Muslim Brotherhood’s Morsi becomes Egypt’s first elected president
Mohammed Morsi was elected president in Egypt’s first free presidential election on Sunday, declaring he would be the leader “for all Egyptians”.
Muslim Brotherhood’s Morsi is the first Islamist to be elected president in Egypt. He held 51.7% of the votes in a close race with the former Prime Minister of Egypt Ahmed Shafiq who attained 48.3%.
Morsi has now moved into the office previously belonging to Hosni Mubarak and is currently structuring his new government. The newly elected president is attending meetings and consultations today to discuss the new power structure of Egypt.
Field Marshal Hussein Tantawi, head of the military council congratulated Morsi’s victory. The military still holds the majority of power in Egypt, which could lead to a power struggle between the new government and the military.
The free presidential election comes after the revolution that broke out in the beginning of 2011 and led to the Arab Spring.
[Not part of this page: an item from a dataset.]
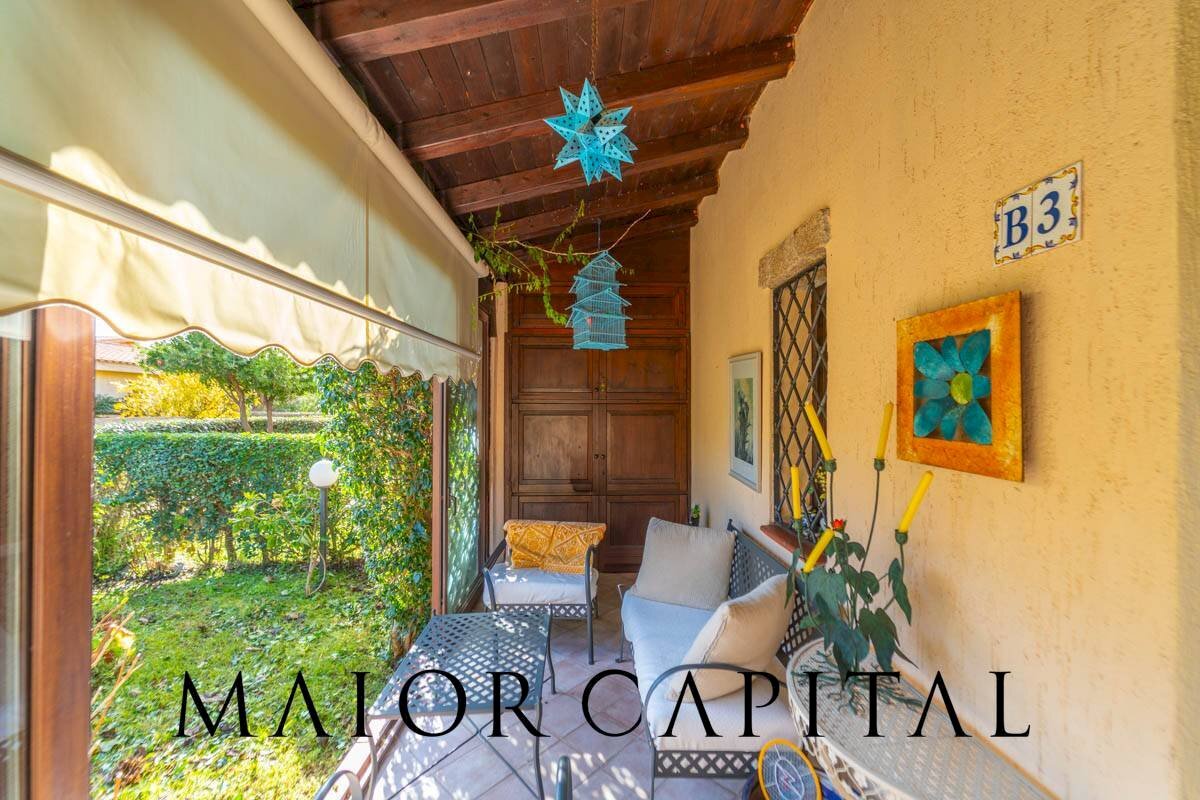 Foto 2 - Villa a Schiera Via del Tirreno
 
SNC, San Teodoro - foto 2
Morsi paid tribute to the 900 protesters killed in the Arab uprisings and claimed: “I wouldn’t have been here between your hands as the first elected president without the blood, the tears, and sacrifices of the martyrs.”
The victory for Morsi and his Muslim Brotherhood ended a week of rising tension due to Egyptian authorities’ decision to delay the announcement of the new president.
The Muslim Brotherhood is one of the largest Islamic movements in the world, and Morsi’s victory was welcomed by chanting and parading by his supporters in Tahrir Square.